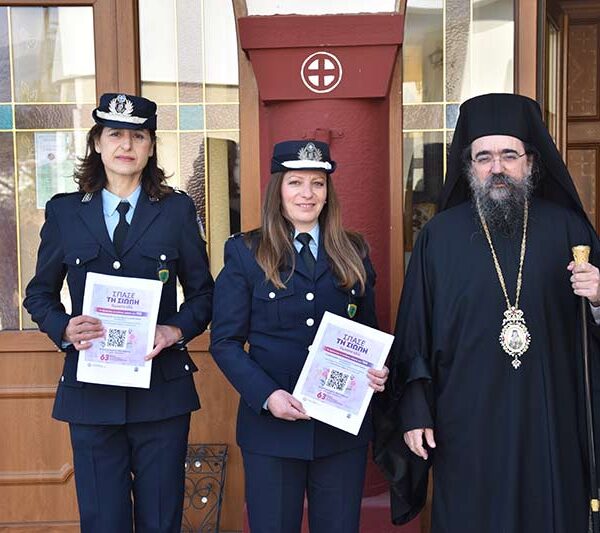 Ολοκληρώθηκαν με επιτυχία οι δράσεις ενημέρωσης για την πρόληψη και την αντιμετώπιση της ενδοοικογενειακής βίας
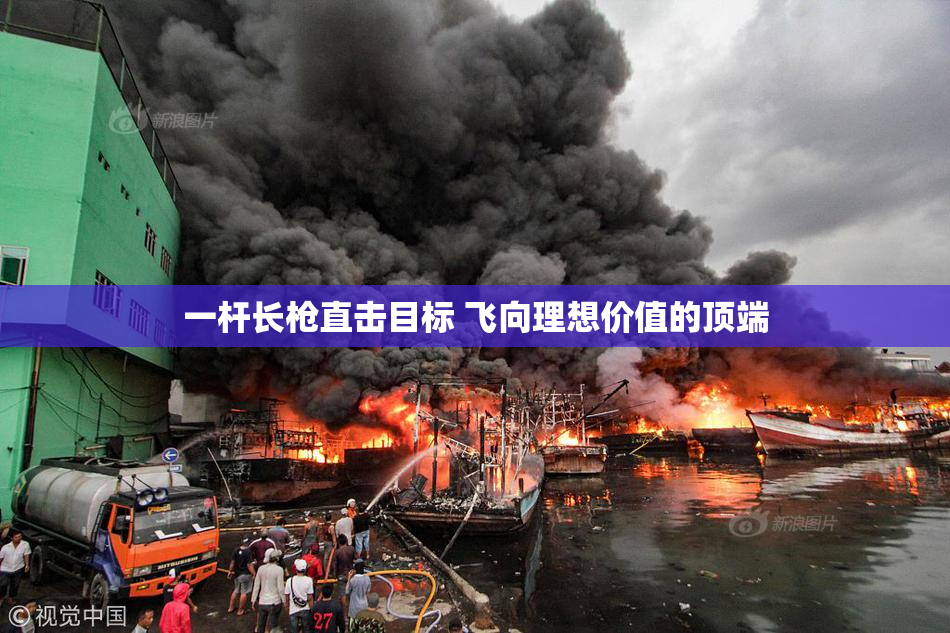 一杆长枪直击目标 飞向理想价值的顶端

--

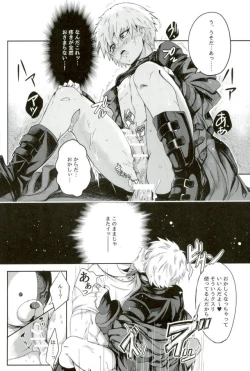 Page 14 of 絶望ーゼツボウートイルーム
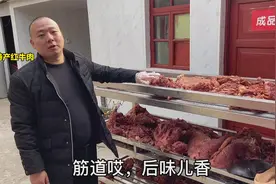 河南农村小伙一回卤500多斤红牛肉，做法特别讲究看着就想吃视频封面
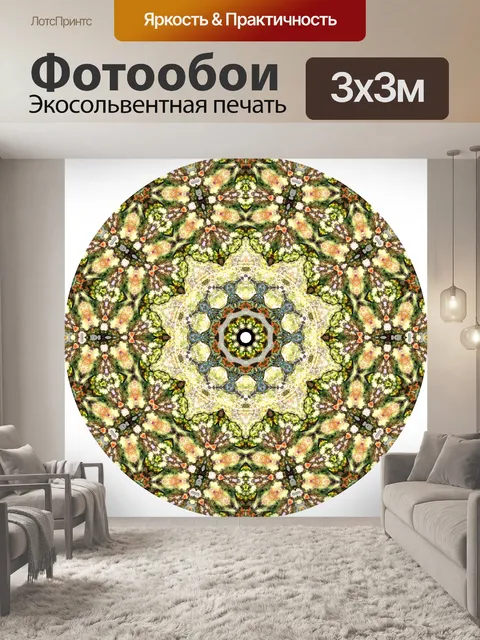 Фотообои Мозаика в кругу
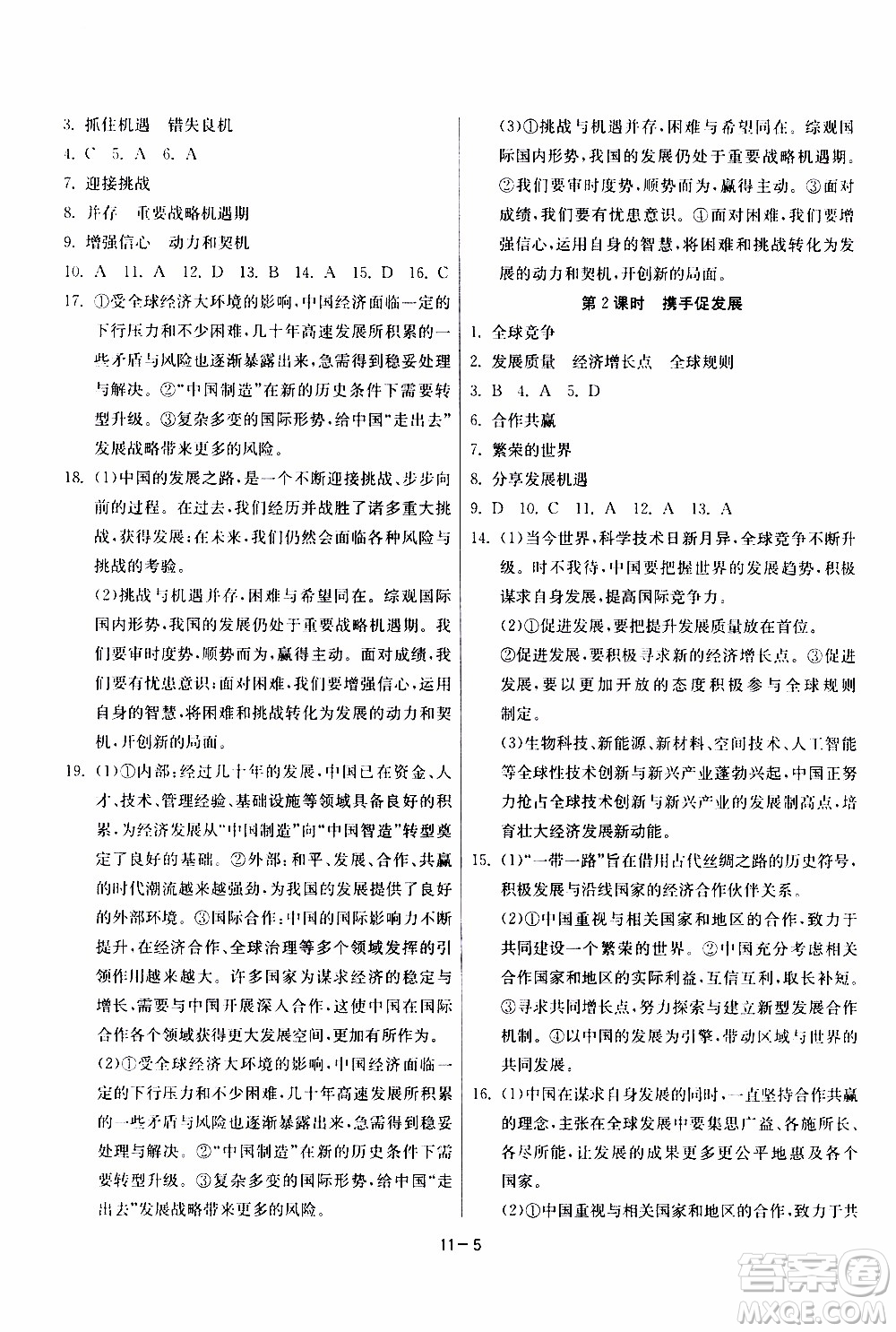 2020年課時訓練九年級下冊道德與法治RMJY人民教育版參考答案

--

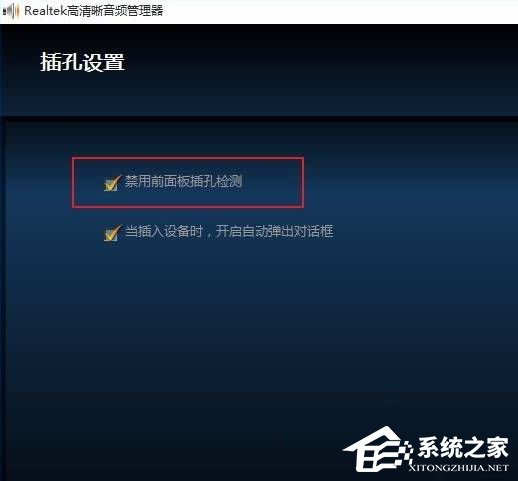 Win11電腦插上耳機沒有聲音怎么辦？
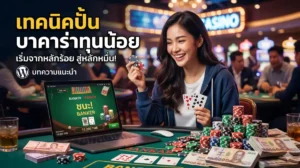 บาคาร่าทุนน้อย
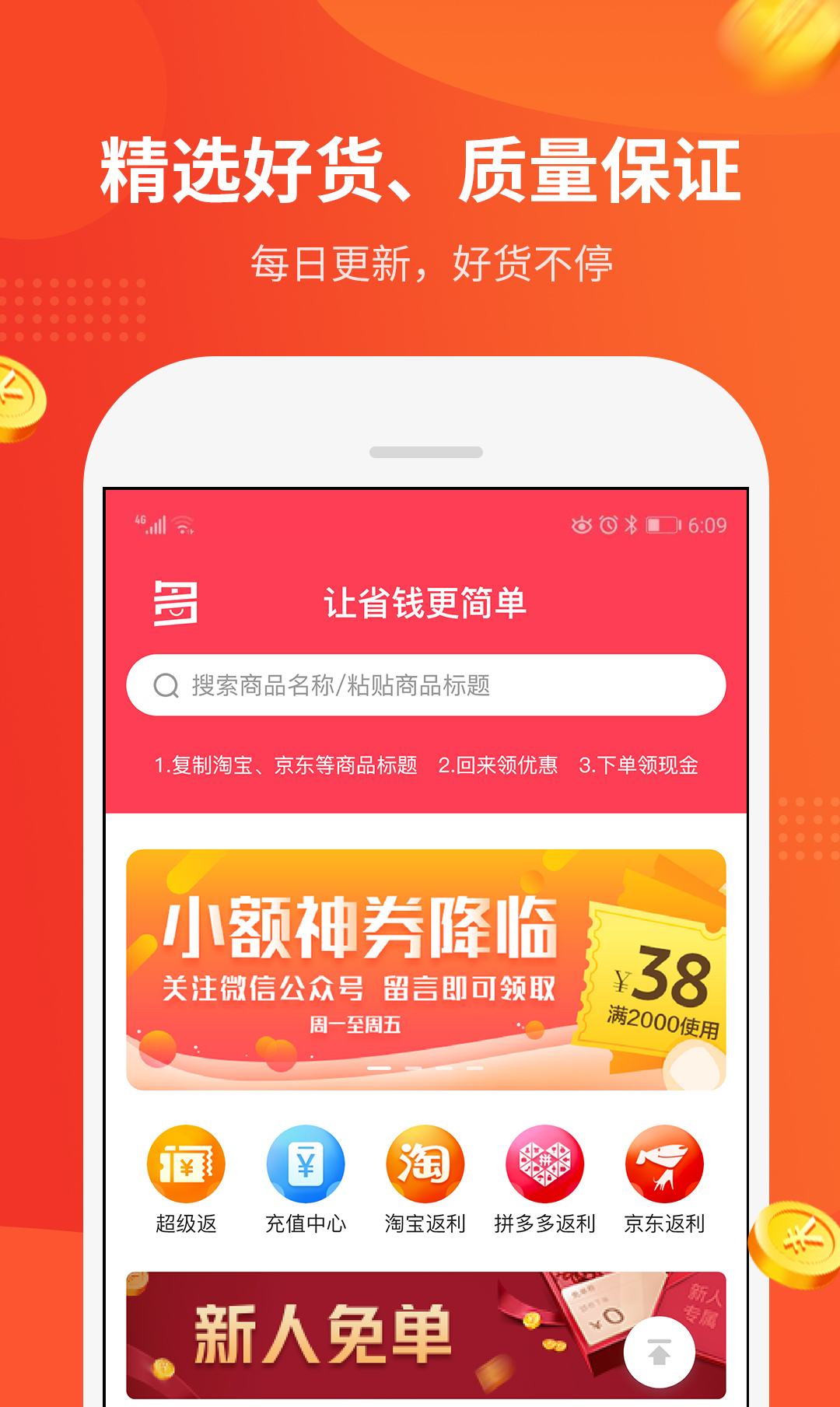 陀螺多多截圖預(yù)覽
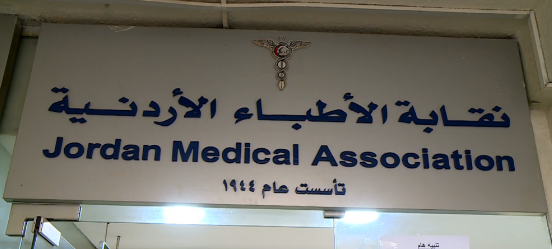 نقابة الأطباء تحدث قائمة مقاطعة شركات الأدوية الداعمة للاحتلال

--

▶ **EXERCISE OBJECTIVE**
What you write must match the listing exactly, from the line with "Фотообои Мозаика в кругу" up to and including the line with "2020年課時訓練九年級下冊道德與法治RMJY人民教育版參考答案". Pictures stay out.

▶ **ANSWER AREA**
 Фотообои Мозаика в кругу
 2020年課時訓練九年級下冊道德與法治RMJY人民教育版參考答案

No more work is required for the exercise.